Вот именно!.. Как видно, и Пушкину досаждали...
Крупность души, скорее всего, можно объяснить еще и тем, что чистый лирик по миропониманию, Бахытжан корневой системой сознания чувствовал казахский эпос. Мне также очень близки эпические сказания казахов, вообще тюркского мира, я читала прозаические и стихотворные переводы, и как раз переведенная Канапьяновым поэма «Кыз Жибек» заставила ревностно мечтать о том, чтобы переложить русскими стихами «Козы Корпеш и Баян Сулу». Читала я русскую версию весьма пристрастно и понимала, что есть в ней достоинства, невозможные в работе «варягов», нанятых со стороны.

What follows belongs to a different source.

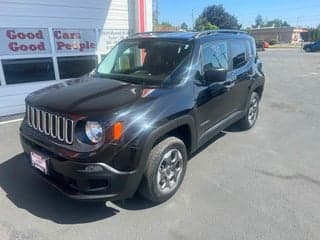 Jeep 2016 Renegade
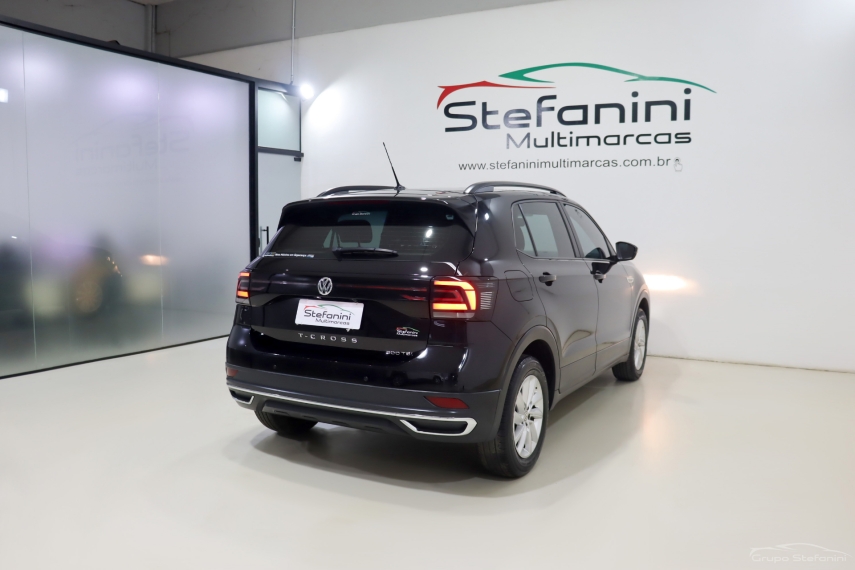 volkswagen t-cross 1.0 200 tsi total flex sense automatico 4p 202010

Недавно случайно, будто прочла чужое незапечатанное письмо, довелось прикоснуться к тому, как автор готовил перевод «Кыз Жибек» к переизданию. Оно вот-вот увидит свет. Исправления, замены, нелегкий поиск нужного слова здесь же на странице, вереницы синонимов, россыпь эпитетов, новые, только что сочиненные строчки – какая добросовестность, вгоняющая в пот наборщиков, какая смелость нужны, чтобы решительно погрузиться в поток, отбушевавший много лет назад, чтобы воскресить свежесть и чистоту поэтического создания.
III
Бесстрашие перед листом белой бумаги – завидная доблесть, оно не покидало Бахытжана. Потому-то в его духовном арсенале столь важен приобретенный с годами жизненный опыт, накопленная из книг и путешествий образованность. Как важно и сохранение молодой непосредственности. Нельзя не заметить, что здравый смысл – опорный камень степного менталитета – в высшей степени присутствует в поведении Бахытжана, что, разумеется, ничуть не мешает ему увлекаться и мечтать.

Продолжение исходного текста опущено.